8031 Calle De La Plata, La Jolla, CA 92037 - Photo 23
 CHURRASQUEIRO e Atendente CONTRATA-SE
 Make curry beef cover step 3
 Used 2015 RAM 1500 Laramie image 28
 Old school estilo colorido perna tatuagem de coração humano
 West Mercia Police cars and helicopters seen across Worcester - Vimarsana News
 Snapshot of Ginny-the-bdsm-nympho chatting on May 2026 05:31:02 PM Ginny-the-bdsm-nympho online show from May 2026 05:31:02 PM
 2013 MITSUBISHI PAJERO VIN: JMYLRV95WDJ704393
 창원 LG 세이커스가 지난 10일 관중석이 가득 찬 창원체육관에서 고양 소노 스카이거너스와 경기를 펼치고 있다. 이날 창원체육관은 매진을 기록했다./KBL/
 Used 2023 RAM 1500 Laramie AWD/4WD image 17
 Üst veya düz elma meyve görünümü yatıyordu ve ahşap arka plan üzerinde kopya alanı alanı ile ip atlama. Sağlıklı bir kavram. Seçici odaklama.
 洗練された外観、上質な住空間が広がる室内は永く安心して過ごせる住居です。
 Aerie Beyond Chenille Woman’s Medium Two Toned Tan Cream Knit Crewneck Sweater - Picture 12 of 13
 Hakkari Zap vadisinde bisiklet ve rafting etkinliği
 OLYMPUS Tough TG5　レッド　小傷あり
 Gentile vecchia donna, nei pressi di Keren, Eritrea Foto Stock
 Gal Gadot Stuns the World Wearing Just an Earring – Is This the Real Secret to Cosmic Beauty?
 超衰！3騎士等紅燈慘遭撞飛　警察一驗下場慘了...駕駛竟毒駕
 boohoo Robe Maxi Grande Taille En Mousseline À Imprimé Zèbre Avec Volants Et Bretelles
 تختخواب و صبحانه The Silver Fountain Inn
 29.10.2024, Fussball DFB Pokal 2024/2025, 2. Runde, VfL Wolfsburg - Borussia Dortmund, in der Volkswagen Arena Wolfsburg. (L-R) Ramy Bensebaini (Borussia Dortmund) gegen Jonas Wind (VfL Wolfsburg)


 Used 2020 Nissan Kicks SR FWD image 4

****************

WHAT YOU SHOULD DO -
Reproduce the lines above, beginning at the line with "West Mercia Police" and stopping after the line with "超衰！3騎士等紅燈慘遭撞飛　警察一驗下場慘了...駕駛竟毒駕", exactly as they are.

RESULT -
 West Mercia Police cars and helicopters seen across Worcester - Vimarsana News
 Snapshot of Ginny-the-bdsm-nympho chatting on May 2026 05:31:02 PM Ginny-the-bdsm-nympho online show from May 2026 05:31:02 PM
 2013 MITSUBISHI PAJERO VIN: JMYLRV95WDJ704393
 창원 LG 세이커스가 지난 10일 관중석이 가득 찬 창원체육관에서 고양 소노 스카이거너스와 경기를 펼치고 있다. 이날 창원체육관은 매진을 기록했다./KBL/
 Used 2023 RAM 1500 Laramie AWD/4WD image 17
 Üst veya düz elma meyve görünümü yatıyordu ve ahşap arka plan üzerinde kopya alanı alanı ile ip atlama. Sağlıklı bir kavram. Seçici odaklama.
 洗練された外観、上質な住空間が広がる室内は永く安心して過ごせる住居です。
 Aerie Beyond Chenille Woman’s Medium Two Toned Tan Cream Knit Crewneck Sweater - Picture 12 of 13
 Hakkari Zap vadisinde bisiklet ve rafting etkinliği
 OLYMPUS Tough TG5　レッド　小傷あり
 Gentile vecchia donna, nei pressi di Keren, Eritrea Foto Stock
 Gal Gadot Stuns the World Wearing Just an Earring – Is This the Real Secret to Cosmic Beauty?
 超衰！3騎士等紅燈慘遭撞飛　警察一驗下場慘了...駕駛竟毒駕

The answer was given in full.